__Records to use__:
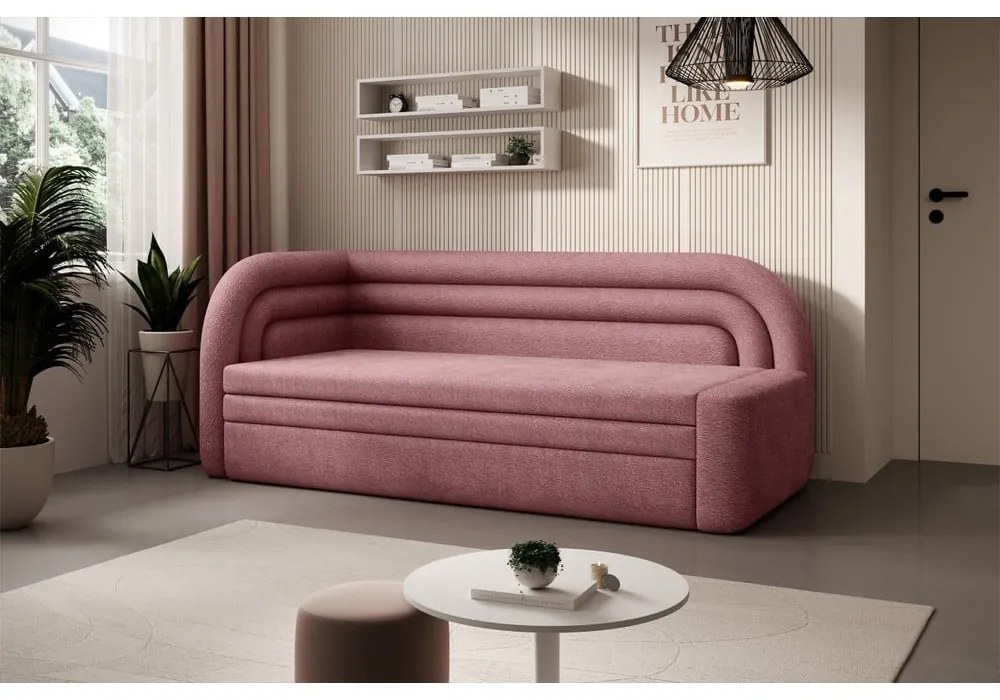Divano rosa allungabile/con contenitore con penisola a sinistra e rivestimento in ciniglia 223 cm Fabillo – ELTAP
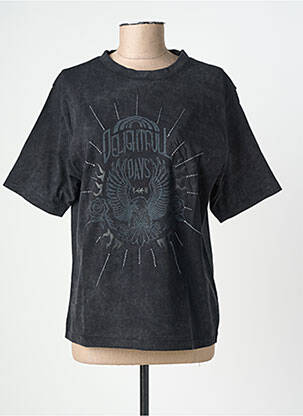 Tricou croială dreaptă mâneci scurte negru ROSE GARDEN femeie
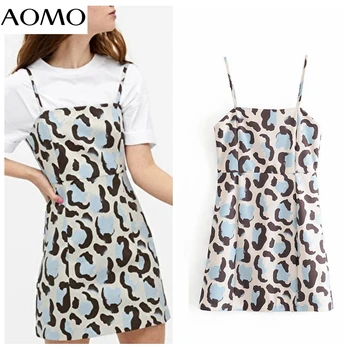 AOMO women leopard print beach dress strap sleeveless backless females mini dresses vestidos 6A343A
AOMO women leopard print beach dress strap sleeveless backless females mini dresses vestidos 6A343A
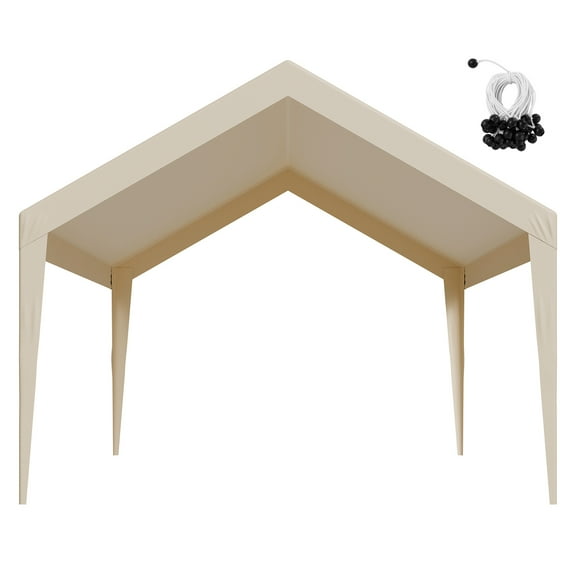 KFFKFF 12 x 20 ft Carport Replacement Canopy, Portable Garage Tent Top Tarp, UV-Resistant and Waterproof Car Shelter Cover, Durable Carport Top with Ball Bungees, Beige, Frame Not Included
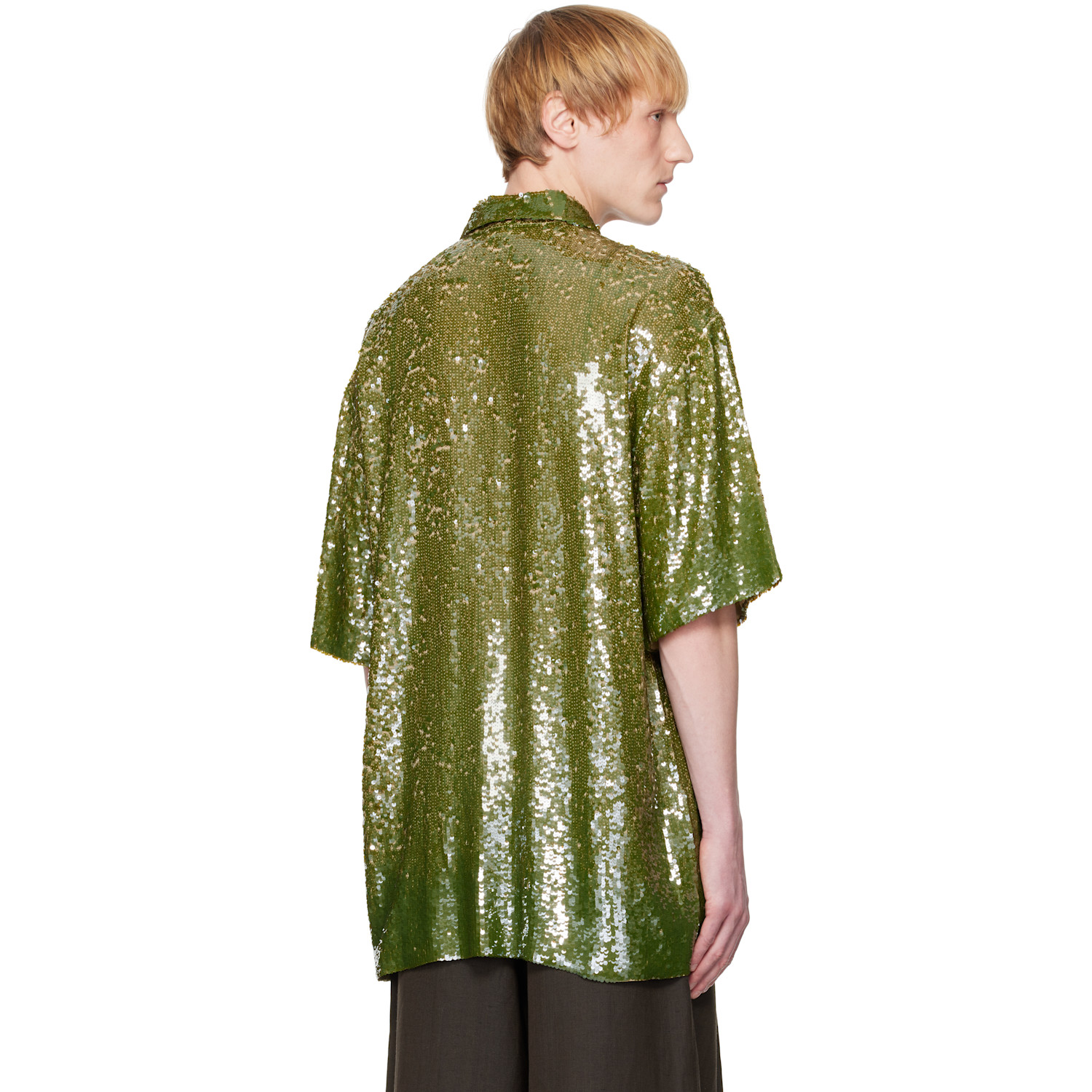  Dries Van Noten Khaki Sequin Shirt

__Work to complete__: Print the material above verbatim, no images.

__Answer below__:
Divano rosa allungabile/con contenitore con penisola a sinistra e rivestimento in ciniglia 223 cm Fabillo – ELTAP
 Tricou croială dreaptă mâneci scurte negru ROSE GARDEN femeie
 AOMO women leopard print beach dress strap sleeveless backless females mini dresses vestidos 6A343A
AOMO women leopard print beach dress strap sleeveless backless females mini dresses vestidos 6A343A
 KFFKFF 12 x 20 ft Carport Replacement Canopy, Portable Garage Tent Top Tarp, UV-Resistant and Waterproof Car Shelter Cover, Durable Carport Top with Ball Bungees, Beige, Frame Not Included
  Dries Van Noten Khaki Sequin Shirt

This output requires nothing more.